Yüzünde hissettiği soğukla kendisine geldi. Artık zamanı gelmişti. Son kez karlı Ankara gecesine, neşeyle oynayan çocuklara baktı. Kafasını gökyüzüne kaldırdığında bu dünyaya son gülümsemesini gönderdi. Karın yağmasını seviyordu. Kar yağdığı zaman gökyüzünün aldığı pembeliği sevdiği gibi. “Dünyayla vedalaşmak için güzel bir hava.” dedi camı kapatırken. Gözü saate takılmıştı. 23.57. Bir anda içinin buz gibi soğuduğunu fark etti. Neden böyle hissettiğine anlam veremedi. Son ana kadar ölmek istemişti, şimdi neden ölmekten korkuyordu? “Bilinmezlikten.” diye fısıldadı sandalyeye çıkarken. Şu an bu dünyadaydı, acı çekiyor olsa bile yaşayacağı şeyleri az çok biliyordu. Ama iki dakika sonra, sandalyeye o tekmeyi attığında nereye gideceğini bilmiyordu. Uyandığında kendini bir çiçek olarak da bulabilirdi, bambaşka bir hayatın başrolü olarak da. Bilinmezliğin onu korkuttuğunu kabul etti, hayatının kalan son bir dakikasında. Halatı boynundan geçirirken gittiği yerde pişman olup olmayacağını düşündü. Pişman olacak bir zihne sahip olur muydu? Bilmiyordu. Sorular artıp cevaplar azaldıkça korkusu daha da katlandı. Biraz daha düşünse vazgeçecekti. Son kez bütün çöküşlerini, kalp kırıklıklarını, panikataklarını geçirdiği odaya baktı. Boynundan geçirdiği halatı sıkarken, telefonuna kurduğu alarm odaya sakin bir müzik vermeye başlamıştı. Vakit gelmişti, odasındaki saatin akrebi ve yelkovanı tam on ikide kavuşmuşlardı. Ayağını kaldırıp sandalyeye tekme atacağı an duraksadı. Yapamayacağını hissetti. Onun için hala bir umut olabilir miydi? Yaşaması için bir anlam, bir yerlerde onu bekliyor olabilir miydi? Dışarıdaki çocukları hatırladı. Yaşam, onlar için hala vardı. Belki de yapması gereken boynuna halatı geçirmek değil, dışarıda çocuklarla kartopu savaşı yapmaktı. Yaşam herkes için vardı, onun için neden olmasındı? Tam boynundan halatı çıkaracakken dışarıdan gelen seslerle irkildi ve kaldırdığı ayağı sandalyeyi yere devirdi.

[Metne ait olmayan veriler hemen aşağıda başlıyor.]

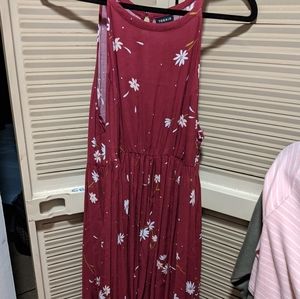 Torrid 00/10/M floral burgundy dress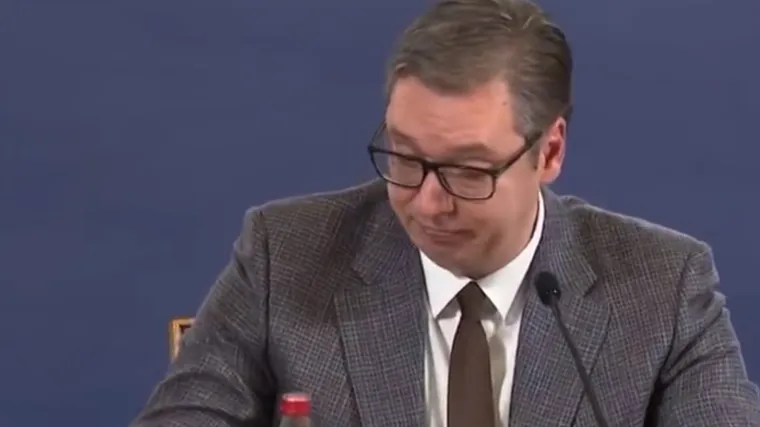 Jeste li vidjeli &scaron;to se dogodilo Vučiću tijekom držanja govora, svi umiru od smijeha, pao i komentar dana: 'Basna dana: Vuk i fla&scaron;a'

Peşindeki korkunç bakışlı adamlardan kaçan genç kadın, hayatta kalabilmek için kendini, kapısını açık gördüğü ilk apartmana attı. Gördüğü ilk dairenin kapısını olanca gücüyle yumruklarken bir yandan da yaralı karnını tutuyordu.


O gece aralarında sadece beton yığını bulunan iki genç de ölmeden önce benzer cümleler kurdular.

“Ne olur açın kapıyı, yaşamak istiyorum!”

“Ölmek istemiyorum, hayat bir yerlerde hala var.”